I am asked to show that
$\int_{0}^{\pi/2}(\sin^{m-1}x)(\cos^{n-1}x) dx\displaystyle \qquad$ is convergent for $m>0,n>0$
My understanding :
Let $(\sin^{m-1}x)(\cos^{n-1}x) = f(x)...(say)$
$\int_{0}^{\pi/2}f(x)dx = \underbrace{\int_{0}^{\pi/4}f(x)dx}_{\text{$I_{1}$}} + \underbrace{\int_{\pi/4}^{\pi/2}f(x)dx}_{\text{$I_{2}$}} $
For $I_{1}$:
So convergence at $x=0$ is contested due to $\sin x$ component which by comparison test with $\phi(x) = \frac{1}{x^{1-m}} $ shows that it converges for $1-m<1 => m > 0$
For $I_{2}$ :
Convergence at $x=\pi/2$ is contested due to $\cos x$ component.

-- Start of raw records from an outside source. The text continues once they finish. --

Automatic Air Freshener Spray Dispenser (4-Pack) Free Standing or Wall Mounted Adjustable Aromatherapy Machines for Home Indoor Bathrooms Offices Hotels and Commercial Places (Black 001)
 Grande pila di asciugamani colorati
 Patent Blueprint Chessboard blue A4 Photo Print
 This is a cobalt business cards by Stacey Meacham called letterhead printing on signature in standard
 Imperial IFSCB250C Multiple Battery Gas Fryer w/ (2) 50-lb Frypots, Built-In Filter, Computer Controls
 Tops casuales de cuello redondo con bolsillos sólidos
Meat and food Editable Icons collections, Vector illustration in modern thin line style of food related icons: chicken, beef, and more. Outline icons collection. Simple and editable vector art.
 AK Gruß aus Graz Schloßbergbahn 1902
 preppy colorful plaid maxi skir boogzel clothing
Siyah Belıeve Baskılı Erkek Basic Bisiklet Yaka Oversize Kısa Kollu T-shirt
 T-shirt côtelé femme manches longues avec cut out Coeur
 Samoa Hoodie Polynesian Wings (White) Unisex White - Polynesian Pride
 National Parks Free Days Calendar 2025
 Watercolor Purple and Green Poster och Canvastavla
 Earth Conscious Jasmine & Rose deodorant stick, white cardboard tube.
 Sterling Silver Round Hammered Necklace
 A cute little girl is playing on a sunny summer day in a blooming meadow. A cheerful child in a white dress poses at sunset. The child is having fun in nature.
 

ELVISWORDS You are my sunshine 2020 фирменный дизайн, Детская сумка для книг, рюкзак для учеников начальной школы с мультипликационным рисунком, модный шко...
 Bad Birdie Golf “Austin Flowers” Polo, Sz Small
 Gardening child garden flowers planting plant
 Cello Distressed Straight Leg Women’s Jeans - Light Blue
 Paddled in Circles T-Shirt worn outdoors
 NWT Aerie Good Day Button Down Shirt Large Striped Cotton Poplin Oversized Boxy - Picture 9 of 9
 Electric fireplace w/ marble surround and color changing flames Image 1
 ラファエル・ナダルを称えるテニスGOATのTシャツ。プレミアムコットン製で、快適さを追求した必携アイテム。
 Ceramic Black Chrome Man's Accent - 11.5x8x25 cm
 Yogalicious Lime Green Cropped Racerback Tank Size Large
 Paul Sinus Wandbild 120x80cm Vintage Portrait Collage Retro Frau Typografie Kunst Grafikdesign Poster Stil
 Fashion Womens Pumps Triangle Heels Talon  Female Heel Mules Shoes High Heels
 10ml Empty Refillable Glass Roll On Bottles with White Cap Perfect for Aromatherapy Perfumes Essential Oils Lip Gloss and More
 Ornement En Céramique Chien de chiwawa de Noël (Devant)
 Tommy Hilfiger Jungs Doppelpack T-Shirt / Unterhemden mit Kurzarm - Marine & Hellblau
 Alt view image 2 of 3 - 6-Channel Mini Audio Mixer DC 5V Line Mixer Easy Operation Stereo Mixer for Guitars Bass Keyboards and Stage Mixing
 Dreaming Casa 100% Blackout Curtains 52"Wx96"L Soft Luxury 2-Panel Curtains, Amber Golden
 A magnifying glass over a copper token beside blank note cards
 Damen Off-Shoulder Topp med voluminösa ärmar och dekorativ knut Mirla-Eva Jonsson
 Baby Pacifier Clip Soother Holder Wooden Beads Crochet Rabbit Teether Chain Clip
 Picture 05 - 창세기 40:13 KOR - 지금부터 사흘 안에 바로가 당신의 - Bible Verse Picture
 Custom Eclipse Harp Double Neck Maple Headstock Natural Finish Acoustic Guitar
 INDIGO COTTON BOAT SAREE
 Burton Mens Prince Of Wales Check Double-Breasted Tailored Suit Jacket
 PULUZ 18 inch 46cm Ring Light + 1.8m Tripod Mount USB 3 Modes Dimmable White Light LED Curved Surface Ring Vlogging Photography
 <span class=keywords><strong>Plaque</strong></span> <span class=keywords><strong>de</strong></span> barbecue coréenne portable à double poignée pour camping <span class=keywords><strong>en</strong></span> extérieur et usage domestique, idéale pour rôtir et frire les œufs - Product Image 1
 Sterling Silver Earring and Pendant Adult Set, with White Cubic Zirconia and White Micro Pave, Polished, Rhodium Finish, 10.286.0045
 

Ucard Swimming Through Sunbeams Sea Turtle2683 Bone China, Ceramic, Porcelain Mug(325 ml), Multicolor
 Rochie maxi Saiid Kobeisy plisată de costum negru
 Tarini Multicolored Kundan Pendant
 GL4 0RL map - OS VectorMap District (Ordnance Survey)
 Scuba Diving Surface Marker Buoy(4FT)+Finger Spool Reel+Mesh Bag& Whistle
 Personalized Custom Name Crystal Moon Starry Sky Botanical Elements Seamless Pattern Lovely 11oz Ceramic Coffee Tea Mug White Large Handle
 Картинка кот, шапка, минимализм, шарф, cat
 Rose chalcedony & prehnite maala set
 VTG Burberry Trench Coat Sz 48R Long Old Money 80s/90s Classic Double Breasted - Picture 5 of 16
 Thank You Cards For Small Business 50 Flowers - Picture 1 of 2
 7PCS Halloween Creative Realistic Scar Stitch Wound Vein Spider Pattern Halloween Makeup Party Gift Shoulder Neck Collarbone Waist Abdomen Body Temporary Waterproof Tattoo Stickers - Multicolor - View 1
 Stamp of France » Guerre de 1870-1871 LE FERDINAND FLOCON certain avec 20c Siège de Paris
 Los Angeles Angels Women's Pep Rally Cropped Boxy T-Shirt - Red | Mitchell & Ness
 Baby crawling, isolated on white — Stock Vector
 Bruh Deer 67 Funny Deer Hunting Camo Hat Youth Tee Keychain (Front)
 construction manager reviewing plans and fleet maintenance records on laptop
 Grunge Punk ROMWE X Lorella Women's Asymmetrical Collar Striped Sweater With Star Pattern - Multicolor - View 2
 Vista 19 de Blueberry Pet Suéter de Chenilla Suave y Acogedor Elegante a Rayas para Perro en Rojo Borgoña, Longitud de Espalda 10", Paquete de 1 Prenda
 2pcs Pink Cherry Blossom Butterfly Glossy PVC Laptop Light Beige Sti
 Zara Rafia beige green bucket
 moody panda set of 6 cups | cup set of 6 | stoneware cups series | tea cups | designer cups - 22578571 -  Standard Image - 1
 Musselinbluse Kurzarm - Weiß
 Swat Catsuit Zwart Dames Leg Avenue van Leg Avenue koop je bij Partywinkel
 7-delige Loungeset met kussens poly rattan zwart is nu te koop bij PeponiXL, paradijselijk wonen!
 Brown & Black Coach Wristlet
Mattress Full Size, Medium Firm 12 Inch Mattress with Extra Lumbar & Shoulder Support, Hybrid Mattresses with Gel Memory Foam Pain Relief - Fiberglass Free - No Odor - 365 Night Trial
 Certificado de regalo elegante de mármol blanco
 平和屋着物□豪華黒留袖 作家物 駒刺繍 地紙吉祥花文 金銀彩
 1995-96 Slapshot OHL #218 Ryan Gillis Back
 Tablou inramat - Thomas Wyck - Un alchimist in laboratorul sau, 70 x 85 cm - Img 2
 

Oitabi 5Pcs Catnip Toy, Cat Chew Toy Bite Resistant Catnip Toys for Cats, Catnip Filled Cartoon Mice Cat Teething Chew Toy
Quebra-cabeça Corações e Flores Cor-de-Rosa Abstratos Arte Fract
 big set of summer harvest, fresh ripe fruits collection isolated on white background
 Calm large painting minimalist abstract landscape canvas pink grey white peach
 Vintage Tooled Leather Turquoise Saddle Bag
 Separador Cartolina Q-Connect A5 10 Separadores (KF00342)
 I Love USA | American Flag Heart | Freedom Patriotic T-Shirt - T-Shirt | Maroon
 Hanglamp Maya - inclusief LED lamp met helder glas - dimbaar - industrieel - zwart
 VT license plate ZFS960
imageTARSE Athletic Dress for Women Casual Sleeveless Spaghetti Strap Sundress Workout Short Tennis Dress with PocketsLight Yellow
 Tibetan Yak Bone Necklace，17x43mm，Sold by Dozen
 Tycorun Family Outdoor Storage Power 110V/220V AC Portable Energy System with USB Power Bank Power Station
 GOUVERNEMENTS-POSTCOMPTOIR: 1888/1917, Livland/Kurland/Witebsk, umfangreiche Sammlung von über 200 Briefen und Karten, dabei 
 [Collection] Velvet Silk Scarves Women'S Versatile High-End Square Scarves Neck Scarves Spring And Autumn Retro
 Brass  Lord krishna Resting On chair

I tried to use definite integral formula $\int_{a}^{b}f(x)dx = \int_{a}^{b}f(a+b-x)dx$
which gives $I_{2} = \int_{0}^{\pi/2}(\cos^{m-1}x)(\sin^{n-1}x) dx$ which is of the form $I_{1}$ and it converges for $n>0$
My question :
- can we use definite integral formula here $\int_{a}^{b}f(x)dx = \int_{a}^{b}f(a+b-x)dx$ before we show that $\int_{a}^{b}f(x) dx$ is convergent ?
- If not or otherwise, suggest any other method
We can make the substitution $x=g(t)$ where $g$ is a strictly monotonic function with a continuous derivative in an improper integral: $$\int_a^bf(x)\,dx=\int_{\alpha}^{\beta}f(g(t))g'(t)\,dt $$ (The two integrals should have matching singularities at one of the integration limits). This holds provided one of the integrals is convergent, and its convergence implies the convergence of the other one. In other words, you can make a substitution, show that the obtained integral is convergent, and conclude that the original one is convergent as well. That answers your first question.
However, I don't think you've correctly used that formula. Applying it for $I_2$ gives us $$I_2=\int_{\pi/4}^{\pi/2}-\cos^{m-1}\left(\tfrac\pi 4-x\right)\sin^{n-1}\left(\tfrac\pi 4-x\right)\,dx$$ Instead, you can make the substitution $x\mapsto\frac\pi 2-x$ to obtain $$I_2=\int_0^{\pi/4}\cos^{m-1}(x)\sin^{n-1}(x)\,dx $$ which is similar to $I_1$.